Journalist Eila Mell has spent many years writing about fashion, theater, and film and interviewing some of the biggest names in the fashion and entertainment industries. As Eila launched her new book Project Runway: The Show That Changed Fashion she shared some surprising insights about the show, now in its tenth season, with me and Emily Sandberg.
Do you think Project Runway is a viable platform to launch new designers?
I think Project Runway is a very viable platform for new designers. They are introduced to many key players in the industry. The status of being on the show can propel their career forward and advance their name recognition. They not only have the invaluable opportunity to work with Michael Kors, Nina Garcia, Heidi Klum and Tim Gunn, but all of the show’s guest judges are top notch.
How do you think Project Runway has informed the average American’s view of the fashion world?
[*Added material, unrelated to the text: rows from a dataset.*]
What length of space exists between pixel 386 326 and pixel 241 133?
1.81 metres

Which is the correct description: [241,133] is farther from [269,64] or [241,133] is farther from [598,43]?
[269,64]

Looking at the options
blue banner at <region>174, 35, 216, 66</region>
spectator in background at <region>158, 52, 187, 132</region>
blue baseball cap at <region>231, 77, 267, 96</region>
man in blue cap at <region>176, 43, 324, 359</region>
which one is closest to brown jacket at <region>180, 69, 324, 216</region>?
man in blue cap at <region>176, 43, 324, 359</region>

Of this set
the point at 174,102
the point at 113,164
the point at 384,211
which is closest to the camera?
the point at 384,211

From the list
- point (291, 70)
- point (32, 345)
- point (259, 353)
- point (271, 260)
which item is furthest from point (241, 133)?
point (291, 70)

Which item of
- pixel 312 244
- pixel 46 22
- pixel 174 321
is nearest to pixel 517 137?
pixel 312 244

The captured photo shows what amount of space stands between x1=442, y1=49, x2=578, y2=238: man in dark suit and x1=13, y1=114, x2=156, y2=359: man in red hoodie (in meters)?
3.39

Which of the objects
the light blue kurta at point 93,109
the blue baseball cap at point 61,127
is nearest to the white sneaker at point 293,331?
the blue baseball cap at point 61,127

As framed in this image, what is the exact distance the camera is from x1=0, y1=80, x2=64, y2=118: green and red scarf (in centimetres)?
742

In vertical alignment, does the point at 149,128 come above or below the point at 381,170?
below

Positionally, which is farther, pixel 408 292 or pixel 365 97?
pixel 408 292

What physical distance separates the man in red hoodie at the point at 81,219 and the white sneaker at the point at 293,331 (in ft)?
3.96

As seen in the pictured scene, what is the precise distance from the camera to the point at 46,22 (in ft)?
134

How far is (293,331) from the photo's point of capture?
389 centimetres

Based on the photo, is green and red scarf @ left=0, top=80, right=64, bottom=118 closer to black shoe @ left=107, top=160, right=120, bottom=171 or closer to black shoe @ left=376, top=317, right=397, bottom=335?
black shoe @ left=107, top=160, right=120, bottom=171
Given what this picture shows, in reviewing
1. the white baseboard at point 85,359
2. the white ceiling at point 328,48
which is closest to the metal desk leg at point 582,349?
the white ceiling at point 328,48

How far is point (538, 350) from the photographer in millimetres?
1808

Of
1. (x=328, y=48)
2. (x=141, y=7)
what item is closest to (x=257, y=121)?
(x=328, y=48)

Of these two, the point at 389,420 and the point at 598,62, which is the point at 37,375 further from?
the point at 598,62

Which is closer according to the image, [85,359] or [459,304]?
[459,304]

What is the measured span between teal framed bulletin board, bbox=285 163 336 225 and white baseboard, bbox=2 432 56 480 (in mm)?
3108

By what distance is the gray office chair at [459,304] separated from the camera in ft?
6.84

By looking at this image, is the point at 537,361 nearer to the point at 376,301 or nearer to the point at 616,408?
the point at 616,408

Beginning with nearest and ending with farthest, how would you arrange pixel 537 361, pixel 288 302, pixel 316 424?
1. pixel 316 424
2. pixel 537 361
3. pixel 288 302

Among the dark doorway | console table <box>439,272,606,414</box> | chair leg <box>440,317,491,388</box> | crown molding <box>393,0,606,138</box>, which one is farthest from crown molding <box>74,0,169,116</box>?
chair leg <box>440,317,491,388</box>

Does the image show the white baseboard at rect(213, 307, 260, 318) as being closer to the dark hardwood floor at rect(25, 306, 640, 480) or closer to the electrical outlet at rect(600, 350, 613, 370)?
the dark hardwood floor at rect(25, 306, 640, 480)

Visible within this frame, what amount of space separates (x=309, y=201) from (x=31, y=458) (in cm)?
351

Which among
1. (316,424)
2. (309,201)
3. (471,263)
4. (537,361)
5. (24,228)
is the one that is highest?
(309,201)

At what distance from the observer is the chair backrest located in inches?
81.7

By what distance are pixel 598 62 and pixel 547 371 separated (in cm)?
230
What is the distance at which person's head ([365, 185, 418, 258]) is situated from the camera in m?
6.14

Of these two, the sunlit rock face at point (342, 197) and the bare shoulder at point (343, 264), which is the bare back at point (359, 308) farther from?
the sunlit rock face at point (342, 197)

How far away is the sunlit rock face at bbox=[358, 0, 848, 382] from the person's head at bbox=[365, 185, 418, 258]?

Project Runway has brought the fashion industry to the average person. The show has given people a glimpse into the world of fashion they otherwise wouldn’t have had. For example, how many people knew about Fashion Week prior to Project Runway? It has also helped people have a greater understanding of how designers work. Obviously established designers are not designing their collections in such a short period of time, but it definitely suggests what the process is. In addition, Project Runway has allowed many designers to showcase their talents and expand their audience base. Before Project Runway, where did you find people like Francisco Costa, Zac Posen and Georgina Chapman on television?
What challenges did you find when researching your book Project Runway: The Show That Changed Fashion?
Writing Project Runway: The Show That Changed Fashion was a pleasure. I would say the biggest challenge I faced was having to decide which designers I could interview and include in the book. Every single one is in there, but I couldn’t interview everyone (much as I would have liked to)!
On Late Night with Jimmy Fallon Heidi Klum stated, ‘We had a lot of cowards on the show’ in reference to two designers walking off. Why do you think many of the contestants struggle to cope?
What people might not realize about Project Runway is that, although the show airs weekly, the production schedule is daily for 4-6 weeks without a single day off. In addition, the designers have no TV, radio, internet or communication with friends and family. Keeping that in mind, it’s not hard to see why it might be a struggle for some.
Why did you want to commemorate Project Runway with your coffee table book?
This season marks the show’s 10th anniversary. I felt this was the perfect time to commemorate a show that has really changed the way so many view the fashion industry.
What do you think people would be surprised to know about the show and those involved in it?
People might be surprised to know that the contestants have to work without air conditioning (the show is shot in summer). The air conditioning is too loud for the cameras.
Now in its tenth season, how do you think Project Runway has maintained its longevity?
I think the show has been around for ten seasons because it has integrity. Situations aren’t manipulated to titillate viewers. Project Runway is a show about talented people doing what they love to do, and I think the audience enjoys watching the creative process. I also think the cast (Heidi, Michael, Nina and Tim) is part of that equation. Tim brings so much to the show. The judges have a great chemistry, and approach the judging from different angles in a way that blends perfectly. One should not underestimate Heidi Klum; She helped create the show, is one of the producers and is the ideal host. She is smart, funny and honest, and I think the audience appreciates that.
What projects do you have in development that you’re excited about and would like to share?
I am excited to continue writing books about the fashion industry. In addition, I have a blog called Not Without My Gucci, and I have just signed on as a stylist for a new project.